I’ve observed courage often defined as a state or quality of mind; that depreciates it still. Courage, to me, is a state of being. It constitutes a predisposition to do the right thing, no matter – especially no matter – if doing the right thing does not redound to one’s benefit or credit; if anything, courage entails risks to one’s well-being, and one becomes established in such a state over time, as one resolutely faces life’s tests and makes the moral choice – consistently.
It’s precisely the act of facing, of confronting, of stepping up that makes for the essence embraced in the solemn phrase “courage of one’s convictions.” Courage is a command of conscience, an acting-out, a realization, of one’s convictions and, being thus a matter of conscience, it presupposes that everyone has the natural capacity and capability to acquire it; by the same token, it precludes any excuses for the converse case.
The generational tests of courage are implicit in such questions, put by sons to fathers, as, What did you do during the war, Daddy? What did you do during Martial Law? Where were you during the EDSA People Power uprising?

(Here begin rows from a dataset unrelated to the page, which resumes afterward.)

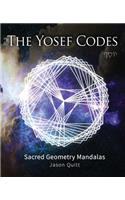 The Yosef Codes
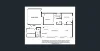 15 Elvina Street, Deeragun, Qld 4818-Floorplan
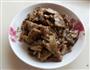 肉片茄子的做法图解7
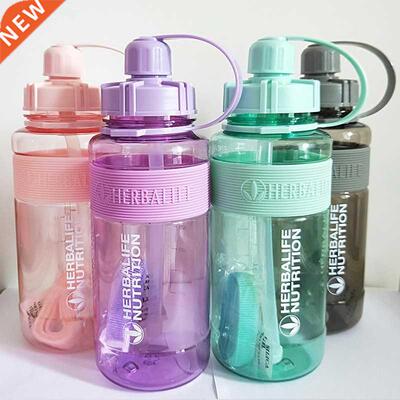 Factory Price Multi Candy Color Outlet Wholesale Pirce 500ml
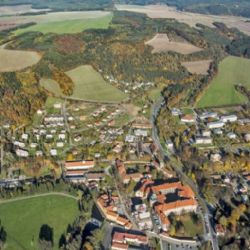 Obchvat Plas má zhotovitele téměř jistého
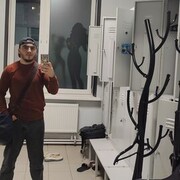 ���������� �����-���������, ���� ����� ������, 25 ���, ������������ ��� ������, ����� � ���������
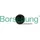 Borsehung Federteller b19068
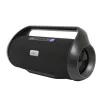 VIVAX Bluetooth hangszóró BS-261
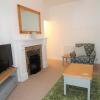 Отель Homely and well appointed Priory Apartment by Cliftonvalley Apartments, фото 6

But how could the supply of courage run short in a mere generation since EDSA? And, if no life’s lessons were intended to be learned here, why should this happen, of all times, amid such moral scandal as we’ve never seen, one in which thousands of our fellow citizens are dying around us in a pogrom that targets three million others, all summarily condemned as having been rendered subhuman by drugs?
Like any virtue – or vice, for that matter – courage is acquired by self-buildup, reinforced and sustained by constant, conscientious practice; conversely, it erodes with every default.
A formulation seems to apply here and to have worked in fact against us. Popular defaults on courage resulted in Ferdinand Marcos’ dictatorship stretching to 14 years and Gloria Macapagal-Arroyo’s presidency, though assumed on a rigged vote, running through its full 6-year term. For the same defaults, the Marcoses managed to not only return from exile unbothered but re-entrench themselves in power. And to add supreme insult to the supreme injury caused the nation by their patriarch’s regime of torture, murder, and plunder, they may yet get a hero’s burial for him.
In fact, the Marcoses have been steadily gaining on us. Most dreadfully, they have found for their champion President Rodrigo Duterte himself – the same confessed “happy slaughterer” of drug dealers and addicts – who has virtually anointed Ferdinand Marcos Jr. his political heir.